Imitating serendipity
I just found a printout of Jesse Walker’s article about Jane Jacobs, Jacobean Tragedy: The gross misinterpretation of an intellectual icon. A paragraph on the page that was facing me caught my attention.
First, a little context:
One of [Jane Jacobs’s] most important insights, enunciated in The Economy of Cities, is the way new work grows out of old [my emphasis]: not by plan, as too many social engineers have assumed, and not by ever-finer division of labor, as Adam Smith asserted, but by serendipity [emphasis mine]. [Break long paragraph.]

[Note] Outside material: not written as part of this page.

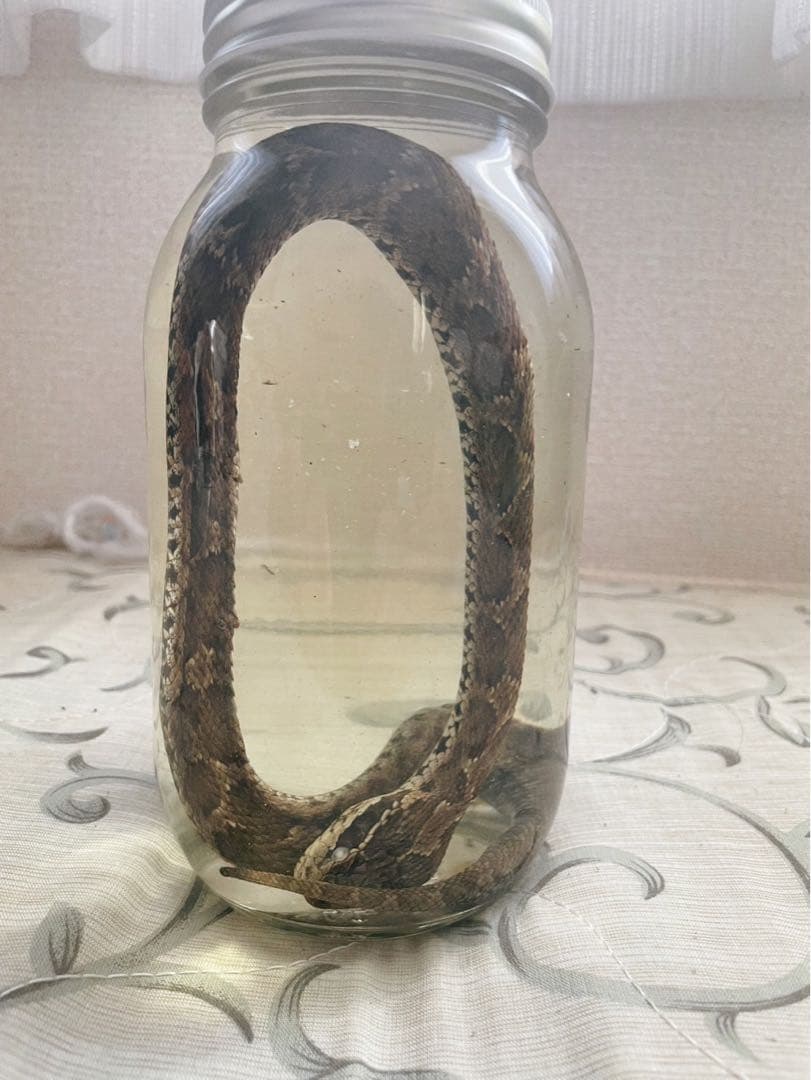 マムシの標本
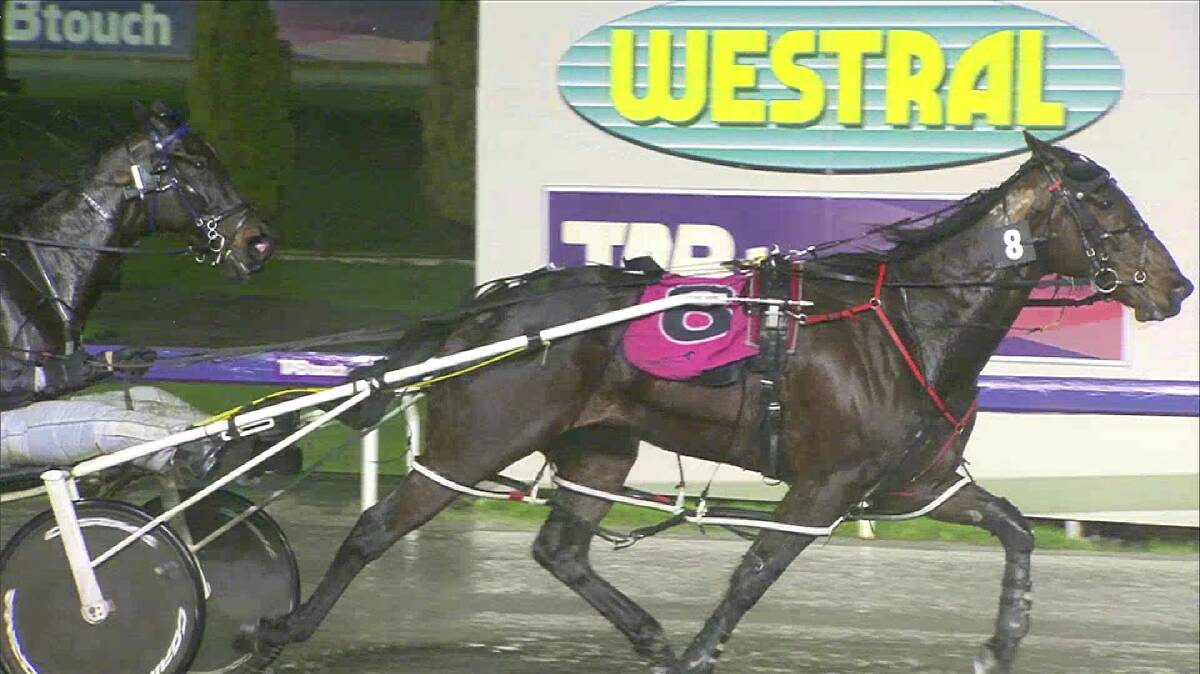 Son Of A Tiger, an impressive winner on Friday night at Gloucester Park. Photo: Supplied.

First, work is divided into smaller tasks, à la Smith, and then someone discovers that one of those smaller processes has other uses. The old enterprise then reinvents itself, or else someone breaks away from it to start a new operation. In this way, a sand mining company (3M) began to develop new forms of adhesive tape; [and two more examples of this].
… Contrast that process with these words from business writer Paul Hawken’s 1993 book The Ecology of Commerce …: “[Talk about an industrial park where many companies of different types] work cooperatively together …. This synergy is remarkable because it happened “spontaneously,” without governmental regulation or law as the prime motivating factor, and because some of the relationships between outputs and inputs were serendipitous or unplanned at the outset.”

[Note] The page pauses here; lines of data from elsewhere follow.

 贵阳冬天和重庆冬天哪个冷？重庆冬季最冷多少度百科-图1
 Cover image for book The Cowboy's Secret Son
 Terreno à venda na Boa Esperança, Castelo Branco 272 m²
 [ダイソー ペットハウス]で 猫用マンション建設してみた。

Here’s the kicker: “Imagine what a team of designers could come up with if the were to start from scratch, locating and specifying industries and factories that had potentially synergistic and symbiotic relationships.”
Here’s the paragraph:
Jacobs expects chance and entrepreneurship to produce progress. Hawken seems surprised when they do. Jacobs distrusts planners. Hawken, in this passage, does not. Of course, it makes sense to expect industries to imitate success, the serendipity of the past giving way to the deliberate design of the present. [My emphasis.]